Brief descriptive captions
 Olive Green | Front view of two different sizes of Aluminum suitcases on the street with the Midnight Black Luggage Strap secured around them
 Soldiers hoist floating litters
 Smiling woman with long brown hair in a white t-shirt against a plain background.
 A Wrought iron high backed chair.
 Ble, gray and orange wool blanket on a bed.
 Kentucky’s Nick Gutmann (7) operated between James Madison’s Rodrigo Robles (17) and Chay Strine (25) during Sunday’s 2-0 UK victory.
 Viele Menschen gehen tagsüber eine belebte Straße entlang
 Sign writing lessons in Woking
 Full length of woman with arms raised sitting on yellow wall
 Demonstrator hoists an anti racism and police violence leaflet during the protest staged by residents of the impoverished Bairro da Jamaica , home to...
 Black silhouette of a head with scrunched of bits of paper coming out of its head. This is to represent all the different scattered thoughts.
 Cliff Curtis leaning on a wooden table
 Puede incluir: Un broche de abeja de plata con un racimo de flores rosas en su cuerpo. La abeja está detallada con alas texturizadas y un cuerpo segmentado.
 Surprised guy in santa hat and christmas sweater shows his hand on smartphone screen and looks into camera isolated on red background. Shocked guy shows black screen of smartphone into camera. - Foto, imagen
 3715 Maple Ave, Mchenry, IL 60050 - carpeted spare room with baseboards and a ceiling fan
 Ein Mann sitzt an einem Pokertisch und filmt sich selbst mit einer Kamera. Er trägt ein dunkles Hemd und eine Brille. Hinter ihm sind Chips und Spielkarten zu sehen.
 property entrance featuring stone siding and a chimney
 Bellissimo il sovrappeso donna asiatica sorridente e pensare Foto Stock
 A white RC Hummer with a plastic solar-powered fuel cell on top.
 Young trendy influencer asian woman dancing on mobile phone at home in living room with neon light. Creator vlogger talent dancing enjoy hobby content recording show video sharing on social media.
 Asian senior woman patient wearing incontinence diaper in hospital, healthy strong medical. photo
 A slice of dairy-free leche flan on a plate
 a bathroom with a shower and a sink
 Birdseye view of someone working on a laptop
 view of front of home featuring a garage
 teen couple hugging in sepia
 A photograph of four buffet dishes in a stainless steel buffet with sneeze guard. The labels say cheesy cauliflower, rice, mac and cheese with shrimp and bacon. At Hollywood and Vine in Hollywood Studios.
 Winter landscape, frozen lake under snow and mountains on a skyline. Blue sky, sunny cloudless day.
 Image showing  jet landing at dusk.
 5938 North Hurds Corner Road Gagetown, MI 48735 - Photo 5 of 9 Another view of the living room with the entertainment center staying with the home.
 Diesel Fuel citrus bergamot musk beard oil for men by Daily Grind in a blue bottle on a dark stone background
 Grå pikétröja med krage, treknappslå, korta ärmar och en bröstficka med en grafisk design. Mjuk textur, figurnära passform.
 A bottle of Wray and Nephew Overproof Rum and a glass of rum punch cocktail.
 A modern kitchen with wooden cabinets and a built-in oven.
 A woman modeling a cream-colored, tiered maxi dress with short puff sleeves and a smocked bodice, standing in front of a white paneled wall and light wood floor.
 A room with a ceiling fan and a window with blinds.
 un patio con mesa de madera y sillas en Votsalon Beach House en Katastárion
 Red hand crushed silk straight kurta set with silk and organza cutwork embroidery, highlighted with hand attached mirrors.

Work to be completed
Whenever a line in the data holds "background", copy that line.

Written solution
 Smiling woman with long brown hair in a white t-shirt against a plain background.
 Surprised guy in santa hat and christmas sweater shows his hand on smartphone screen and looks into camera isolated on red background. Shocked guy shows black screen of smartphone into camera. - Foto, imagen
 Diesel Fuel citrus bergamot musk beard oil for men by Daily Grind in a blue bottle on a dark stone background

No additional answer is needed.